Figure 7. Current density profiles in response to pure tones. (A) Example FRA and tuning curve. (B) Local field potentials (LFPs) depth profile measured in response to the CF (35 kHz). (C) Current source densities (CSD) derived from the LFP profile shown in (B). Time 0 corresponds to stimulus onset, negative values corresponding to current sinks. (D) CSD profile in response to characteristic frequency (CF = 35 kHz; 80 dB SPL). (E) CSD profile in response to a frequency lower than the FRA (CF−=15 kHz; 80 dB SPL). (F) CSD profile in response to a frequency higher than the FRA (CF+ = 50 kHz; 80 dB SPL). (G) Comparison of the maximum strength of the current sink measured in response to CF, CF− and CF+. (H) Variation of the onset latency of the current sink of three different columns with different CF. In each plot, black circles indicate CF−, red circles indicate CF and blue circles indicate CF+. (I) Comparison of onset latency. (J) Comparison of sink duration. In each comparison different letters represent significant differences after Kruskal–Wallis One Way Analysis of Variance on Ranks and Dunn’s test (p < 0.05). (K) Latency of initial current sink as a function of penetration’s CF. Gray line represents correlation line after Pearson correlation analysis.

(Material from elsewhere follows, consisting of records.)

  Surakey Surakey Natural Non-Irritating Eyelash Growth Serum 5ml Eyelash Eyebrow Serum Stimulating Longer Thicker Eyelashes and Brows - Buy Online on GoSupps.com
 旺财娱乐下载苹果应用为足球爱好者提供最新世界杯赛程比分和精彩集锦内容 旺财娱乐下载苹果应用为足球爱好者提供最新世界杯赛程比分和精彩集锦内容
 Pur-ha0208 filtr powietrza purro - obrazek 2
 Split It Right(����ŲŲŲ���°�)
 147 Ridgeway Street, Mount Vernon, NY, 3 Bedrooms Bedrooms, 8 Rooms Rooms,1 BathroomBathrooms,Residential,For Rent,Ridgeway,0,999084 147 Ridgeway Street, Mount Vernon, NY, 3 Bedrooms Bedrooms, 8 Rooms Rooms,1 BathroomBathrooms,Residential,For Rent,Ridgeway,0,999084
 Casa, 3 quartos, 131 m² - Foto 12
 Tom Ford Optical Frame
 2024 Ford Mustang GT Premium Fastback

We calculated CSD profiles in 27 penetrations in response to downward and upward FM sweeps of changing sweep rates at RMS level of 80 dB SPL. Since most of the units showed a preference for downward FM sweeps, CSD profiles were calculated for the response to the downward FM sweep rate evoking the largest response and compared to its corresponding upward sweep response. Example data is shown in Figure 8. When stimulated with pure tones at the column CF, a current sink (similar to those described above) is present (Figure 8A). This current sink is not present in response to pure tones with a CF− (Figure 8B) and occurred with a weaker strength relative to CF in response to a CF+ (Figure 8C). The CSD profile calculated in response to a downward FM sweep of 5 kHz/ms (Figure 8D) showed a current sink of 57.78 ± 8.11 ms long with a mean latency of 19.22 ± 3.4 ms, located between 517 ± 52.72 and 647.46 ± 32.9 μm. This sink was not present in 20/27 CSD profiles in response to upward FM sweeps (Figure 8E). There were no significant differences in the maximum strength, onset latency and duration between the sinks evoked by the CF and the FM down (Figures 8F–H, p > 0.05).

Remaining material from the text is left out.